[Input data]
########
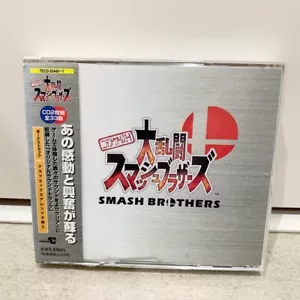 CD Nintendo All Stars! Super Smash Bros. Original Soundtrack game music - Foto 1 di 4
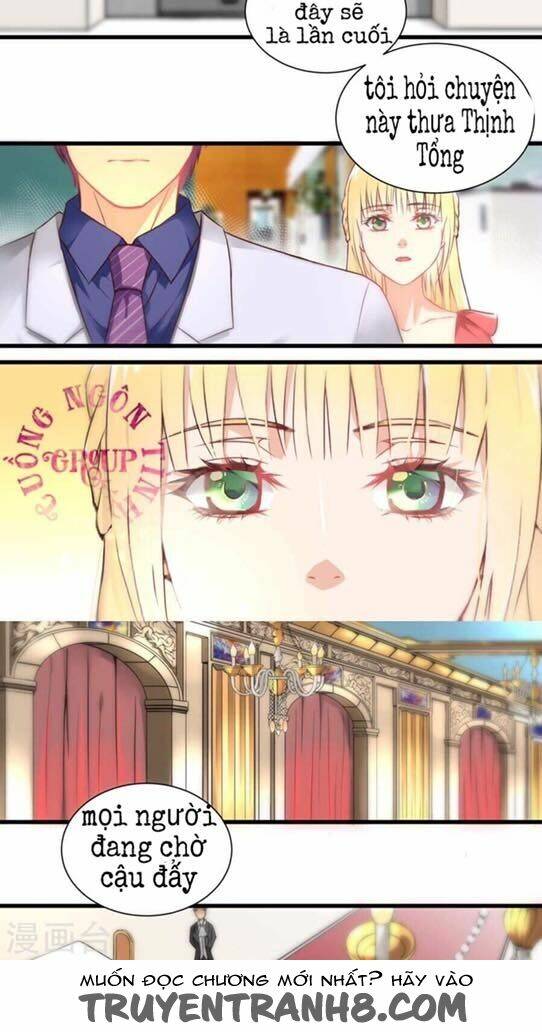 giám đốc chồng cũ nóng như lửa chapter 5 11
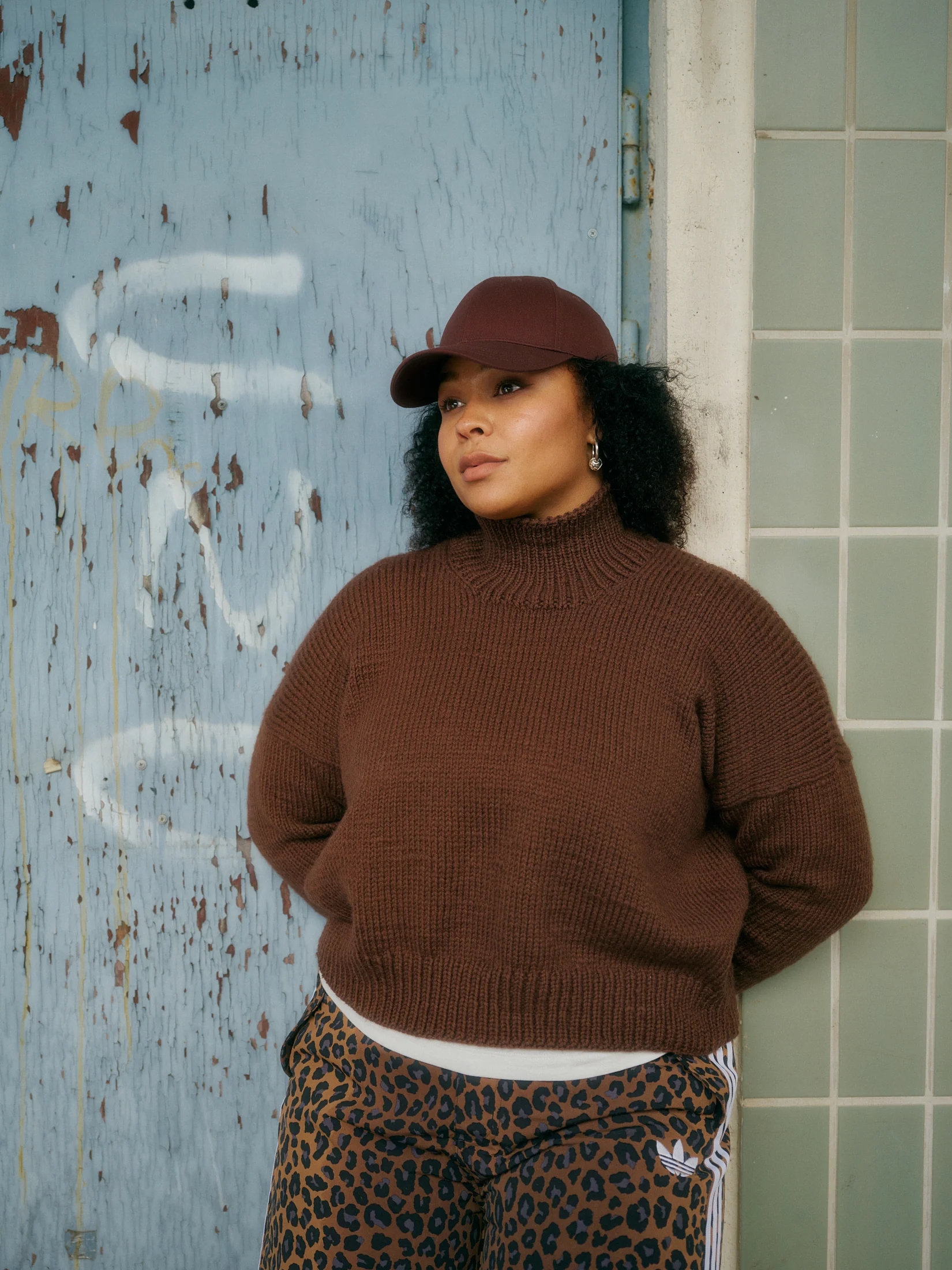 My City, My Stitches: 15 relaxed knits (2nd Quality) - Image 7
########
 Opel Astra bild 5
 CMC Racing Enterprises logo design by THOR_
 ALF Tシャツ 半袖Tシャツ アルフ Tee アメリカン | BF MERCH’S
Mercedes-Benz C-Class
########
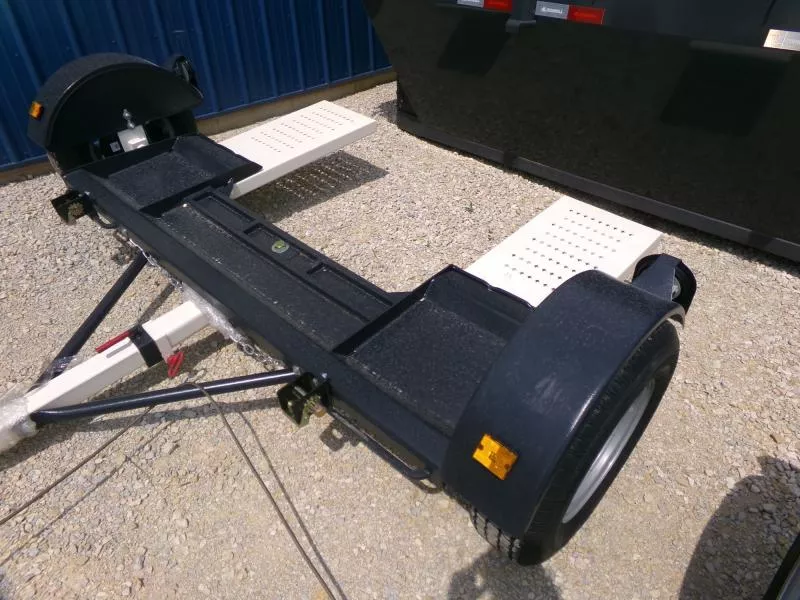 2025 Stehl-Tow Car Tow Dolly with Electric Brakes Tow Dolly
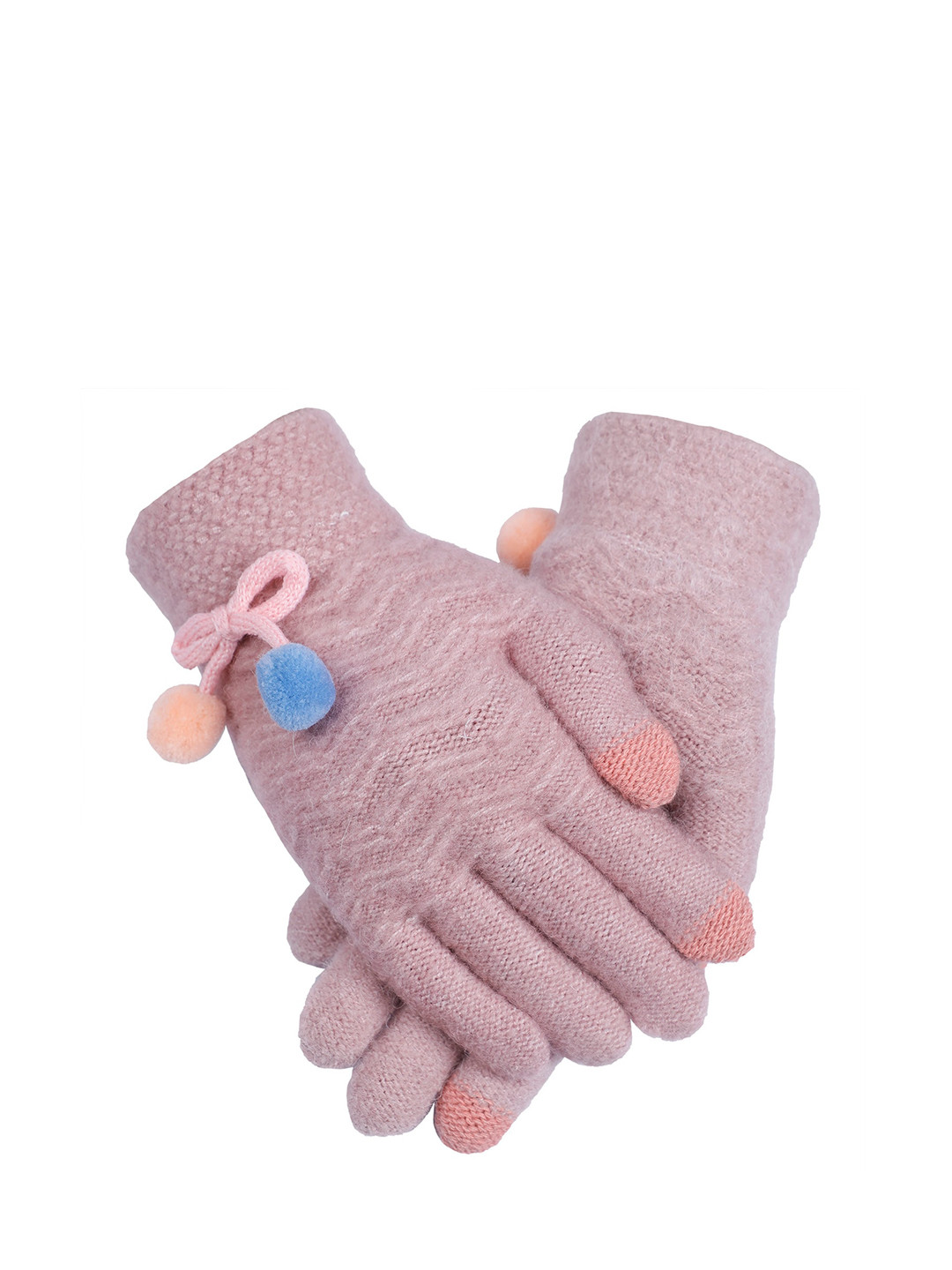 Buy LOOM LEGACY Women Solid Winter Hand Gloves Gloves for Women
########
[Task item] From the records above, copy only the lines running from the line holding "giám đốc chồng cũ nóng như lửa chapter 5 11" through the line holding "My City, My", with no pictures.

[Finished exercise]
 giám đốc chồng cũ nóng như lửa chapter 5 11
 My City, My Stitches: 15 relaxed knits (2nd Quality) - Image 7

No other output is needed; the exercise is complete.